Reacting to their ups and downs of the 2016 election
In the beginning, it was so rare for Harris to introduce a boyfriend into her public life that she noticed her staffers whispering to each other — wondering who Emhoff was — at the first event he attended, which was one of her speeches about truancy at the California Endowment.
Beyond joking about how attractive Emhoff looks in his "onion goggles" in the kitchen, the one anecdote about Emhoff that Harris tells most often on the campaign trail, is about their joint shock on Election Night in 2016 when Hillary Clinton lost to Trump.
She notes at the beginning of her memoir that Emhoff wakes up before her most mornings and reads the news in bed: "If I hear him making noises—a sigh, a groan, a gasp—I know what kind of day it's going to be."
On election night in November of 2016 when she was elected to her first term in the US Senate and Clinton lost to Trump, Emhoff's groans while monitoring the early election results were Harris' first hint that things were going south for Clinton.
After Harris' speech, which she frequently describes as a "bittersweet moment," she and Emhoff went home with their extended family, changed into sweats and watched the results come in from the living room.
"No one really knew what to say or do," Harris writes of her election night blues. "I sat down on the couch with Doug and ate an entire family-size bag of classic Doritos."
The life of a campaign spouse
Emhoff has not said what his role would be if Harris succeeds in her quest to win the White House—or whether he'll continue practicing law.

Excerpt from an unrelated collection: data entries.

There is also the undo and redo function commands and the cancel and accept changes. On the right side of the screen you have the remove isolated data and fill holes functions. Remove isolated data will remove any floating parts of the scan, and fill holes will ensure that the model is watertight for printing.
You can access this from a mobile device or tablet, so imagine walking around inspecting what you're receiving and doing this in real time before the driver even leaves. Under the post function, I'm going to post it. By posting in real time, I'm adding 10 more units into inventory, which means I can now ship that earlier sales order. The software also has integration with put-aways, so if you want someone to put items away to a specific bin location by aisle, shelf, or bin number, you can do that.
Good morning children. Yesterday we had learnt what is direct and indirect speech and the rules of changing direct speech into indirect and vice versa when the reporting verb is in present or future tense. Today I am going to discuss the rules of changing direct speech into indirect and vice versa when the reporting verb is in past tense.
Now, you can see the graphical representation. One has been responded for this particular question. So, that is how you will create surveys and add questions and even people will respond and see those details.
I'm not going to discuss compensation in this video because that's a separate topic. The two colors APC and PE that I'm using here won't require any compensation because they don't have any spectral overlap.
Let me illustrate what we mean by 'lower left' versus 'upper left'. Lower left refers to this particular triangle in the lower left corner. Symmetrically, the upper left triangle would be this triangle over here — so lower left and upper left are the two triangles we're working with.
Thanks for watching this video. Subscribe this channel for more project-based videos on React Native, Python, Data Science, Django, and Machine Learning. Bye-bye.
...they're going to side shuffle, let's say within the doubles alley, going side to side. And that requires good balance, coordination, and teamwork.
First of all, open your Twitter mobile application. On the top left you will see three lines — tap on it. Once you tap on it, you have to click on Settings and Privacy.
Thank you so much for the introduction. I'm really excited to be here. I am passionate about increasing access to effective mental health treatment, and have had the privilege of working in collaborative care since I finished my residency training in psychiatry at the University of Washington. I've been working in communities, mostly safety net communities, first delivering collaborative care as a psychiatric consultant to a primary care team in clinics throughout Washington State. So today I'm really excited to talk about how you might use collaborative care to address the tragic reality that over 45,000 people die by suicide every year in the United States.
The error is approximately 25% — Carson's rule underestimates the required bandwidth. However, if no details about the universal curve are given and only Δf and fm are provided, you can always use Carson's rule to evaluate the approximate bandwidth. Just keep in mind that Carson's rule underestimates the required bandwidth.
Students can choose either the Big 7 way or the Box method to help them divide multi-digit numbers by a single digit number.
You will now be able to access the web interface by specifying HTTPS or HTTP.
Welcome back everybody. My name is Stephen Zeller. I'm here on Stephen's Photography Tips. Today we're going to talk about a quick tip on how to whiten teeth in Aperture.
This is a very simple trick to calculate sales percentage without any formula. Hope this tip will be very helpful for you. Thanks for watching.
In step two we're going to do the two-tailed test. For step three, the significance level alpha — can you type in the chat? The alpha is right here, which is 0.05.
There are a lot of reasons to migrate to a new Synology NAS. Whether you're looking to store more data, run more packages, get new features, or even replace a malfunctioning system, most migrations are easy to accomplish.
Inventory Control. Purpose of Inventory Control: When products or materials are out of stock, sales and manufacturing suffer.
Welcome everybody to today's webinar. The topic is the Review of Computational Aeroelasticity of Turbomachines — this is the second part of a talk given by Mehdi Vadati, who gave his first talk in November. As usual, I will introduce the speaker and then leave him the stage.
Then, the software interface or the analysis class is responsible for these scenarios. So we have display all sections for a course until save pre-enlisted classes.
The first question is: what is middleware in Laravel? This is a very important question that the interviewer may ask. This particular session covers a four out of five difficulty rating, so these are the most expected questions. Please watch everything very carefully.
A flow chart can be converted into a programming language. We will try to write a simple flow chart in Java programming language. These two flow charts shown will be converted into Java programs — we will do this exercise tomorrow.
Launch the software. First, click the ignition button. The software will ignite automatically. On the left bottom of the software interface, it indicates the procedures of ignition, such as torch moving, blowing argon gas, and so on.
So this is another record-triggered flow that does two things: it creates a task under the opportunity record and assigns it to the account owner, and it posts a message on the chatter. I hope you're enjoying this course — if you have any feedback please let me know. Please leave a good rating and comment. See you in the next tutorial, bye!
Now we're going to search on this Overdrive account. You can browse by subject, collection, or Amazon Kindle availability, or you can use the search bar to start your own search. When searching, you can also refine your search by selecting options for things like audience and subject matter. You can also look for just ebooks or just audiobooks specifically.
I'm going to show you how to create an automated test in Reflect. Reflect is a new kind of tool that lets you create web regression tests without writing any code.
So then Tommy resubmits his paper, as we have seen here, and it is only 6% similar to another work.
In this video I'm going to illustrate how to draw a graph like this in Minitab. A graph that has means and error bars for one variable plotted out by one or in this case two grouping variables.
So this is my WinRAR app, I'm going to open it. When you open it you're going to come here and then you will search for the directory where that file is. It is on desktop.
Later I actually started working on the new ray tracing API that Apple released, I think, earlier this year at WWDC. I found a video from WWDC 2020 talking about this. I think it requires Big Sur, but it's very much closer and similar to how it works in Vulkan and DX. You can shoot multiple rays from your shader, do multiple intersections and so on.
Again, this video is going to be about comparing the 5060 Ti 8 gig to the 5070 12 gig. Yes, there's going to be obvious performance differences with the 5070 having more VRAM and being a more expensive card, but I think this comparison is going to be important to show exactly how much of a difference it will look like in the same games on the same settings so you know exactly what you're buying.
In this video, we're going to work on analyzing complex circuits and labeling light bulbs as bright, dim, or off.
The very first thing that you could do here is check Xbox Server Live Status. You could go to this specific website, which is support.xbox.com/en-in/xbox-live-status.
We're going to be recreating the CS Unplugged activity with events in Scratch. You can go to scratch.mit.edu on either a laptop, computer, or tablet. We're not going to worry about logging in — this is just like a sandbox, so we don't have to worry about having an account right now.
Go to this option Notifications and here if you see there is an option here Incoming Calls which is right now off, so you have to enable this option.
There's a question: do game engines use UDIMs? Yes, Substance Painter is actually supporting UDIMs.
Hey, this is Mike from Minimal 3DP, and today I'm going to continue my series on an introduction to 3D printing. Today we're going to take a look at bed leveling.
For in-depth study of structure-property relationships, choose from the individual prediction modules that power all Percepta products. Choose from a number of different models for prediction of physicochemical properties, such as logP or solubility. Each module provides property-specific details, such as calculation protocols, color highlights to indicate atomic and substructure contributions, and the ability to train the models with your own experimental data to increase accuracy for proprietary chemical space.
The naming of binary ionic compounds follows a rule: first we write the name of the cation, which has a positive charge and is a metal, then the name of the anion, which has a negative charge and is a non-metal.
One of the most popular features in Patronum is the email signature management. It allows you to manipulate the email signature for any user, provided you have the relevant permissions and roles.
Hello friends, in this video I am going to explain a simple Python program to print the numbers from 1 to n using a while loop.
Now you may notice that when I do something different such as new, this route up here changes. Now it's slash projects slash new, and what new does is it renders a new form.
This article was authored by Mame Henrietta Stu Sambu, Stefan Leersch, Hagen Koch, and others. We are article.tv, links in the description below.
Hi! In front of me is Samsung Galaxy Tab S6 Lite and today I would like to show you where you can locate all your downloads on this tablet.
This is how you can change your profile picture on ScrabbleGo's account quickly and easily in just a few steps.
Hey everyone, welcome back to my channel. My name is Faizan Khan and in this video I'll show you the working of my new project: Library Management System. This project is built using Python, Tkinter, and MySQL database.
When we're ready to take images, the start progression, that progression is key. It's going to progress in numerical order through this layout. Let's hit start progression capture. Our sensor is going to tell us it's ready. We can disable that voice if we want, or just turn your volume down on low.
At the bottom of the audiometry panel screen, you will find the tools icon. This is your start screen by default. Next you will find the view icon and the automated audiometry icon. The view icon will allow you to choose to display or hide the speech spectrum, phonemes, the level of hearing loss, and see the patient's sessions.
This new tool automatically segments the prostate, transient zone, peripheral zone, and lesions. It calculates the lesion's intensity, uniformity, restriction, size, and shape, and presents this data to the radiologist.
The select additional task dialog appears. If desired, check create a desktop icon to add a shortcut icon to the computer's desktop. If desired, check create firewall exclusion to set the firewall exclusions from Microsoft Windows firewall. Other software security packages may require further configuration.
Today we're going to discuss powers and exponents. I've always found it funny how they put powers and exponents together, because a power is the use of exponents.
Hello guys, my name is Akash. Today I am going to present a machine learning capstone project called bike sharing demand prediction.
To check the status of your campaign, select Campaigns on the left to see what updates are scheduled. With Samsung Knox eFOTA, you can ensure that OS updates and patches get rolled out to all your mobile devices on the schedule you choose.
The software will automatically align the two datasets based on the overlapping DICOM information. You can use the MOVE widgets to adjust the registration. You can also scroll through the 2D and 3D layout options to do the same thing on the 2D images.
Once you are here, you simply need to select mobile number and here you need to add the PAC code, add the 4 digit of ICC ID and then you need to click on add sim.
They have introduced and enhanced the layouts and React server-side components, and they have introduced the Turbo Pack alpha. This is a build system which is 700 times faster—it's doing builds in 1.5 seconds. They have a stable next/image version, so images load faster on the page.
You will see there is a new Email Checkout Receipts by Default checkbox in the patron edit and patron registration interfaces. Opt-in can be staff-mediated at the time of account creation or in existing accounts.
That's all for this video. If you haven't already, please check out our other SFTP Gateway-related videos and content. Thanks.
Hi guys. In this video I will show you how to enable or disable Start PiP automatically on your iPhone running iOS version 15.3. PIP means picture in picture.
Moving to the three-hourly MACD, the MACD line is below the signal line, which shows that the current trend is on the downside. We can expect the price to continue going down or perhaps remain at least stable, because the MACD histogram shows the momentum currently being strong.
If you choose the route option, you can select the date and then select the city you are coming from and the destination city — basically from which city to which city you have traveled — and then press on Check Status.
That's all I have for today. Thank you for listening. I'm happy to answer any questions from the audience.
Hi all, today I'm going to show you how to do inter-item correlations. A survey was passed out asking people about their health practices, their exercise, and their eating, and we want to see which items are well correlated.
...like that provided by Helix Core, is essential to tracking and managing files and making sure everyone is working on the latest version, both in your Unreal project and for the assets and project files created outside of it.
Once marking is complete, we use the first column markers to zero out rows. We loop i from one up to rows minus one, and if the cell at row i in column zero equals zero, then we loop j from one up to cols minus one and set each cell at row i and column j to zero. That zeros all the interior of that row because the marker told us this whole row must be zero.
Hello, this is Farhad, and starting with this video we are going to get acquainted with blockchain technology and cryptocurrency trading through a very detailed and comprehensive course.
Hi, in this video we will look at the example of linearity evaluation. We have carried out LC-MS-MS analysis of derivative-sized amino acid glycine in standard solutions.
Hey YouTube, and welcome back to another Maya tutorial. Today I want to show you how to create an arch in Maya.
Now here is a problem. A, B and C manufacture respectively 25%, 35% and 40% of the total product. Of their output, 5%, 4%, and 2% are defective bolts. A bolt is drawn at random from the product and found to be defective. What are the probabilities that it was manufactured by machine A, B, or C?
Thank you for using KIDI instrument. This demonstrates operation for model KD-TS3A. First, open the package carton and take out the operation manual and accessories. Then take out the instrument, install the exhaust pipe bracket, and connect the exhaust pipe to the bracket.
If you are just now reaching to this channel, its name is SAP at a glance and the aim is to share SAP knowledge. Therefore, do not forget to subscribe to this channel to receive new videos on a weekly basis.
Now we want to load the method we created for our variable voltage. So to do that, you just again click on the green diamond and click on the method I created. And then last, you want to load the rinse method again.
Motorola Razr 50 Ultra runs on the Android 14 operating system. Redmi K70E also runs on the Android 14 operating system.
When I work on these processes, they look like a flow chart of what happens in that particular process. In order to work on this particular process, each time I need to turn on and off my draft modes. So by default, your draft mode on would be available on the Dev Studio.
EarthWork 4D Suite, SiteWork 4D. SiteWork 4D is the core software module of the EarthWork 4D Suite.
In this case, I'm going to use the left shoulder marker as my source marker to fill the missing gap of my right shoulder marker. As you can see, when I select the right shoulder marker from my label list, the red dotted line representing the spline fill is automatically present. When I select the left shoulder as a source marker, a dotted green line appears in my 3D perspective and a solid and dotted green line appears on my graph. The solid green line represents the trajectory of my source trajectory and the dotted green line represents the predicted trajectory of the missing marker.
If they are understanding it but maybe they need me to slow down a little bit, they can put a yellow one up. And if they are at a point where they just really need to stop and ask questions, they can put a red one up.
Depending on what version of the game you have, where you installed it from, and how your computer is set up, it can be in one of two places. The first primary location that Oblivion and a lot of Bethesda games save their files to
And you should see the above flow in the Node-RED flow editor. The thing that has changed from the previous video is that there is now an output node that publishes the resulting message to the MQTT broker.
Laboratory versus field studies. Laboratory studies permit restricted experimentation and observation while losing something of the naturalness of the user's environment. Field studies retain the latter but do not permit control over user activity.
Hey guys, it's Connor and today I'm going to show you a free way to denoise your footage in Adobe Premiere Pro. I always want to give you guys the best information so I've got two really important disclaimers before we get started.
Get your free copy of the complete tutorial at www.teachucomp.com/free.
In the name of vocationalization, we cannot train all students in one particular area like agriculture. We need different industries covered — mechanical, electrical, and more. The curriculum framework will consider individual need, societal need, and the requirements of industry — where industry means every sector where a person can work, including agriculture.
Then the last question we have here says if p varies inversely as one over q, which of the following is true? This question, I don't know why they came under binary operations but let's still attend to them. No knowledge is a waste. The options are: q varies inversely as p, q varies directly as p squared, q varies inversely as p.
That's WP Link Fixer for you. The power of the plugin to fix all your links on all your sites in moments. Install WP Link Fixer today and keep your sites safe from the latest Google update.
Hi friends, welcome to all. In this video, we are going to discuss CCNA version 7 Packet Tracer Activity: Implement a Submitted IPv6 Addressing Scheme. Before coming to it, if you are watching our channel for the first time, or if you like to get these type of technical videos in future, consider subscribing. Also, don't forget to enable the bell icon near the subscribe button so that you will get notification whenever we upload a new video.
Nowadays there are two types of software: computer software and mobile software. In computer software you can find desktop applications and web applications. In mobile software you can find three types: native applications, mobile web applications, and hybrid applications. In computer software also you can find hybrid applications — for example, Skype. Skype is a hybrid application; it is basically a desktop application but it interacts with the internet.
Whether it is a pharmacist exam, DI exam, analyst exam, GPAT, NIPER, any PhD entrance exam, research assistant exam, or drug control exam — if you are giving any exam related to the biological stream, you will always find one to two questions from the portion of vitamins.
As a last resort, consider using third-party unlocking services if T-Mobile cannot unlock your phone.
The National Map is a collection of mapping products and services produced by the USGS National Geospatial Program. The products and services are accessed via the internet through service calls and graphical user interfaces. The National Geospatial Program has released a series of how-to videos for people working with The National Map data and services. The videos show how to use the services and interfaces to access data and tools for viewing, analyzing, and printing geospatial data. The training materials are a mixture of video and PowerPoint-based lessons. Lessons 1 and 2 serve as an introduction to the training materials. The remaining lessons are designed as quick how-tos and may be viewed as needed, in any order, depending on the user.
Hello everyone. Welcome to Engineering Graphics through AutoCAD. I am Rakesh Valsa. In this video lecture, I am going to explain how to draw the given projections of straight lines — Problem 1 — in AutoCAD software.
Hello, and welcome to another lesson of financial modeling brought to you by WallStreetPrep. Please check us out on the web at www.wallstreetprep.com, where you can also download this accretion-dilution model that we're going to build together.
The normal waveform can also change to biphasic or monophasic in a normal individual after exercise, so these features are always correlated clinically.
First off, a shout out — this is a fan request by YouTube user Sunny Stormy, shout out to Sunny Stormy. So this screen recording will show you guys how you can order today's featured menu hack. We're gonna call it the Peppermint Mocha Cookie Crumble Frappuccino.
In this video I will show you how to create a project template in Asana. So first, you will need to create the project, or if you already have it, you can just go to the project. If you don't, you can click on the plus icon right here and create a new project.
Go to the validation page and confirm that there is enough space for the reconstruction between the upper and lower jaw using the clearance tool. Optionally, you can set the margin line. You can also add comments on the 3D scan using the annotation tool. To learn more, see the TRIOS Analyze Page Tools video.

For now, he's still getting used to doing "Dougie selfies" on the trail. And he's provided Harris fans with a steady stream of behind-the-scenes photographs from the trail, including a snapshot Saturday when he and Harris rivals Beto O'Rourke and Amy Klobuchar chatted at the SEIU forum in California.
But even before Saturday, his public profile was slowly rising. He will be one of the featured speakers at the Florida Democratic Party Gala next weekend at Disney's Yacht & Beach Club.
On Twitter, he called out for advice from "the #KHive, the #DougHive and @KamalaHarris world" for "a good 'walking out' song" to warm up the Florida crowd.
After the MoveOn forum incident, he acknowledged the flood of tweets from well-wishers—some of which included some zoomed-in screengrabs of his scowl while confronting the protester—about his husband-spidey moves with a picture of himself and his wife, and two red hearts.
"Thx for all the kind notes. We are good," Emhoff tweeted. "I love @KamalaHarris and would do anything for her."
This story has been updated.
CORRECTION: This story has been updated to correctly identify Karine Jean-Pierre as the Chief Public Affairs Officer of MoveOn.